Stored records:
>>
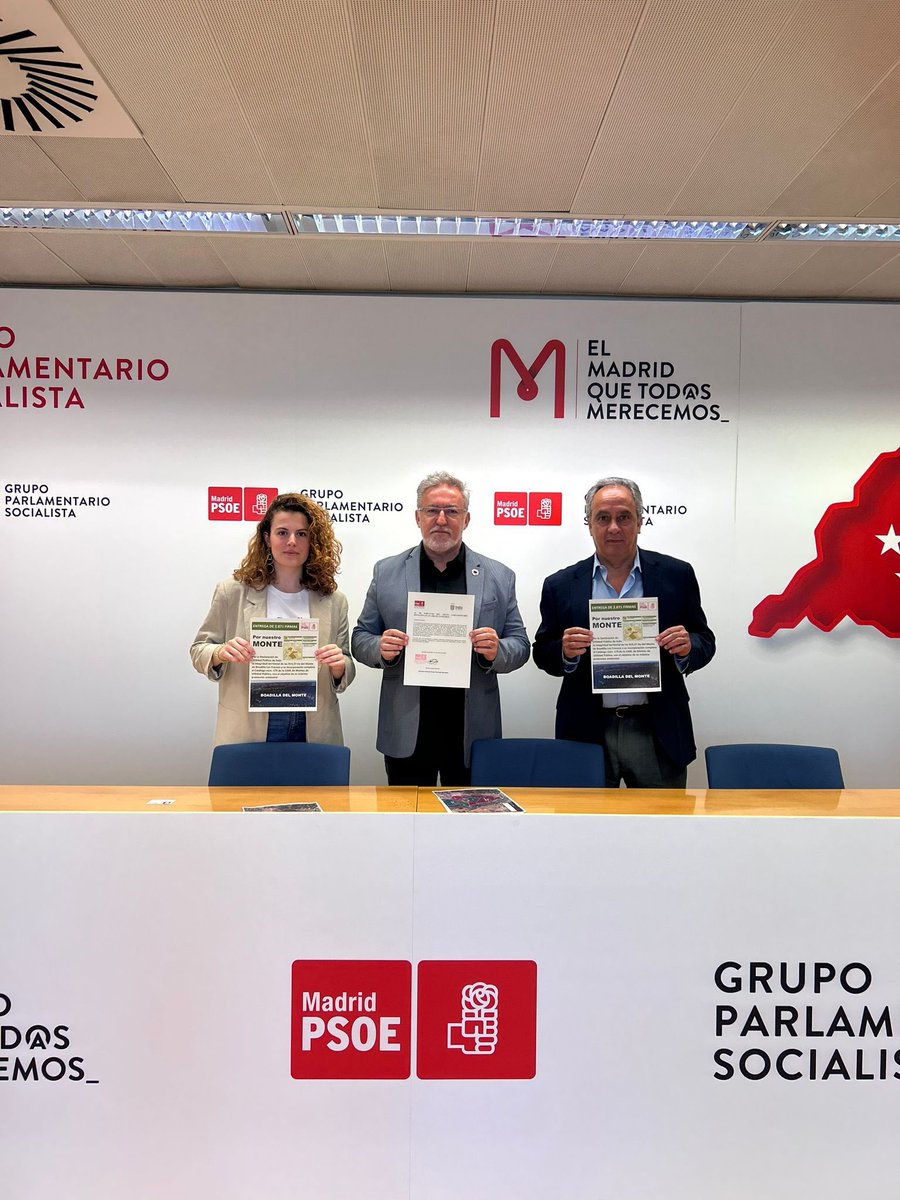 PSOEBOADILLA's tweet photo. Entrega de 2871 firmas.Por la declaración de Utilidad Pública de toda la integridad territorial de las 910,37 Ha del Monte de Boadilla, y su incorporación completa al catálogo 179 de la CAM, de Montes de Utilidad Pública,con el objetivo de su maxima protección ambiental.🌳@psoe_m https://t.co/fTBGNYf17o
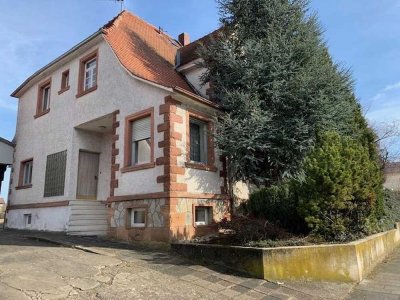 Prägnantes  9-Zi.-Haus mit 208 qm Wohnfläche auf 1640 qm Grundstück in Klein-Umstadt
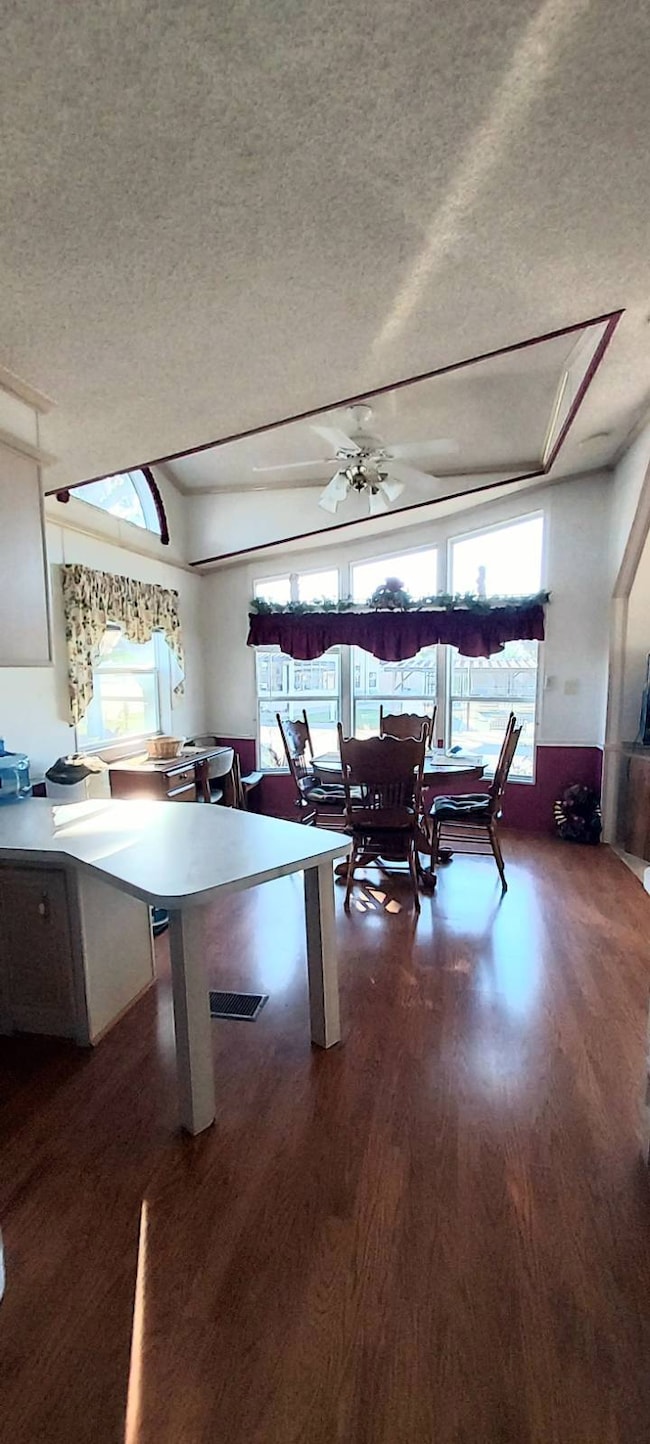 37811 Chancey Rd unit 193, Zephyrhills, FL 33541 - photo 5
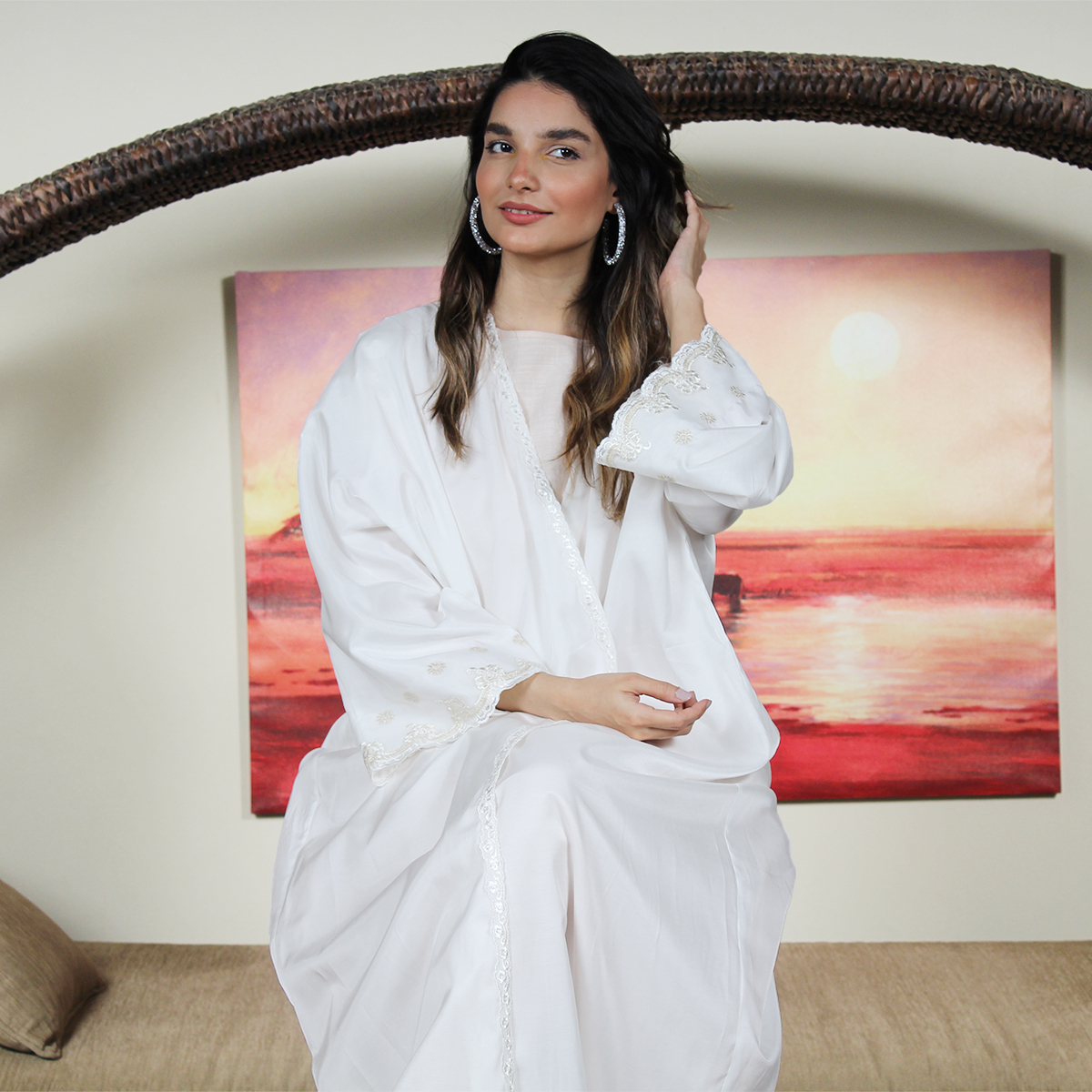 عباية بيضاء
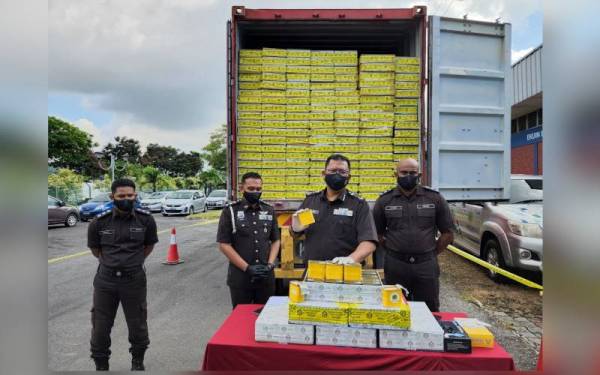 Muhammad Ikram (tengah) dan Azhari (dua dari kiri) dalam sidang akhbar mengenai kejayaan Maqis Pulau Pinang merampas produk daging babi pada Khamis.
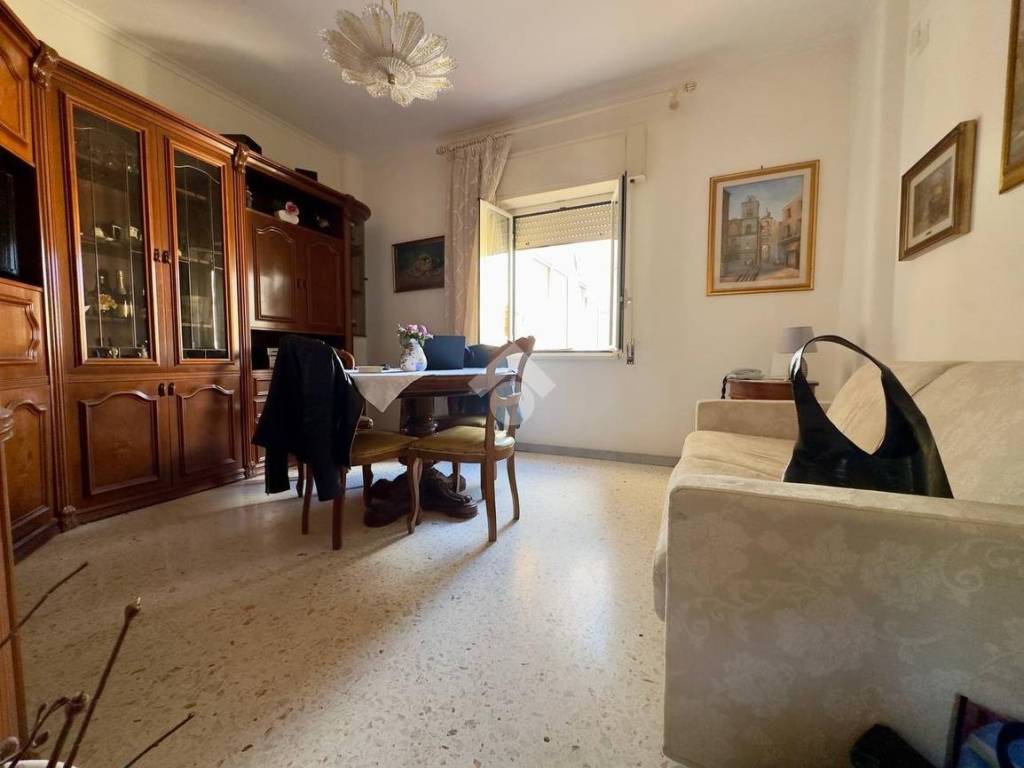 Appartamento a Napoli in Via Diocleziano - Foto 4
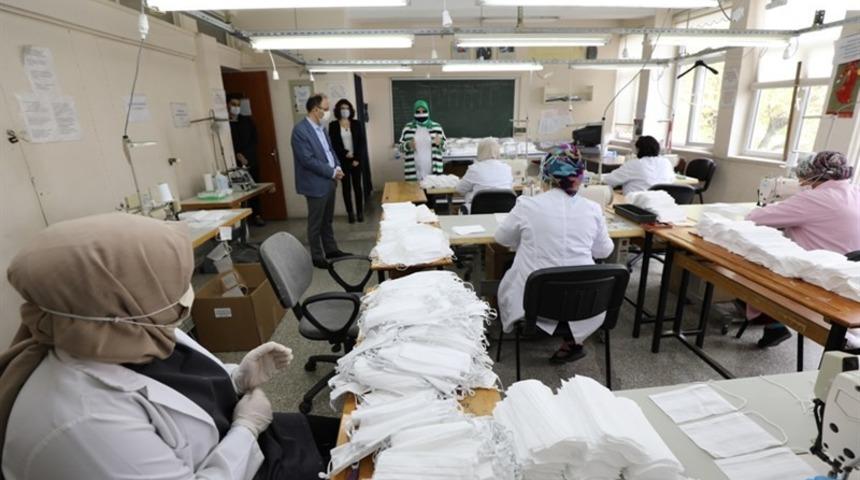 Okulda g&uuml;nl&uuml;k 3 bin maske &uuml;retimine erişildi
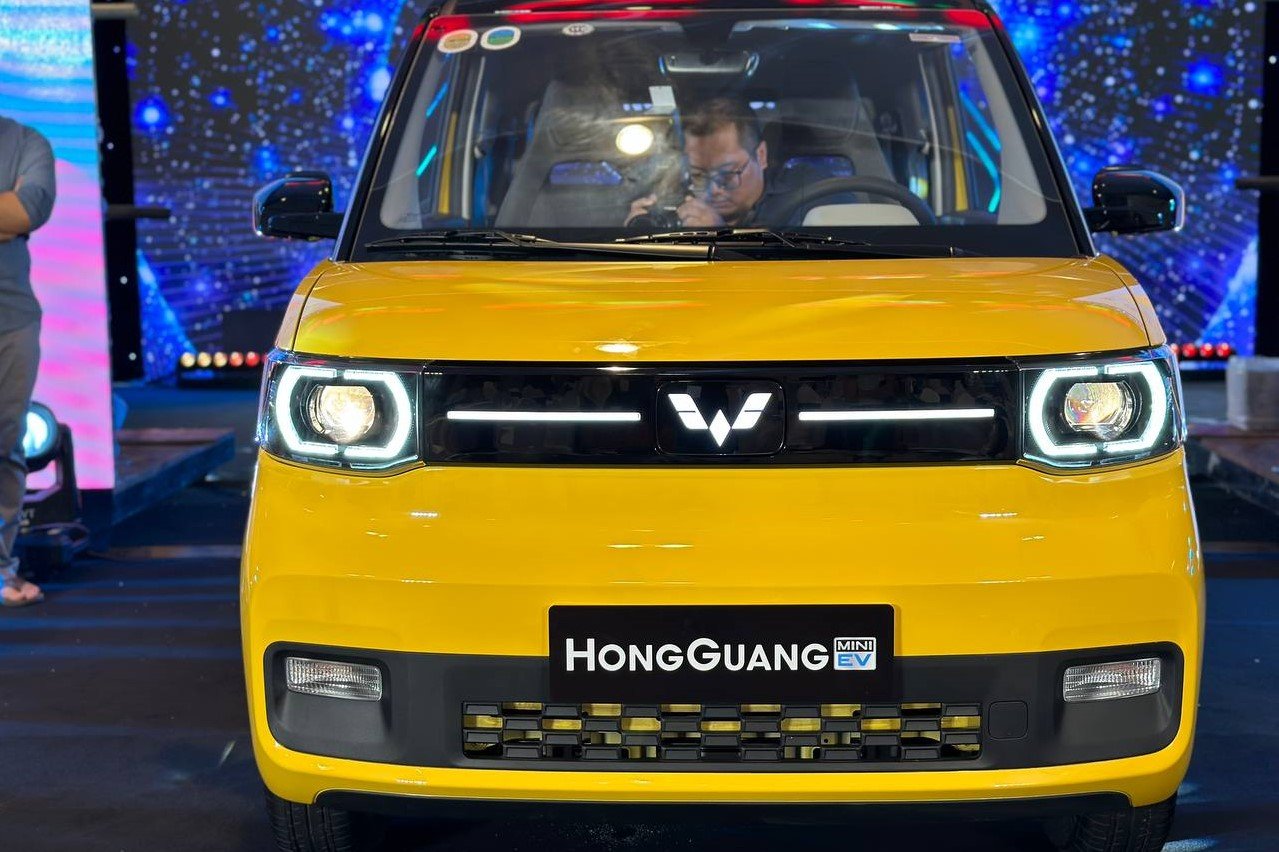 Thiết kế đầu xe Wuling HongGuang MiniEV, chi tiết thông số kỹ thuật xe ô tô điện ngoại thất.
<<
**Task item**
Drop the images and repeat the data exactly.

**Response to this exercise**
 PSOEBOADILLA's tweet photo. Entrega de 2871 firmas.Por la declaración de Utilidad Pública de toda la integridad territorial de las 910,37 Ha del Monte de Boadilla, y su incorporación completa al catálogo 179 de la CAM, de Montes de Utilidad Pública,con el objetivo de su maxima protección ambiental.🌳@psoe_m https://t.co/fTBGNYf17o
 Prägnantes  9-Zi.-Haus mit 208 qm Wohnfläche auf 1640 qm Grundstück in Klein-Umstadt
 37811 Chancey Rd unit 193, Zephyrhills, FL 33541 - photo 5
 عباية بيضاء
 Muhammad Ikram (tengah) dan Azhari (dua dari kiri) dalam sidang akhbar mengenai kejayaan Maqis Pulau Pinang merampas produk daging babi pada Khamis.
 Appartamento a Napoli in Via Diocleziano - Foto 4
 Okulda g&uuml;nl&uuml;k 3 bin maske &uuml;retimine erişildi
 Thiết kế đầu xe Wuling HongGuang MiniEV, chi tiết thông số kỹ thuật xe ô tô điện ngoại thất.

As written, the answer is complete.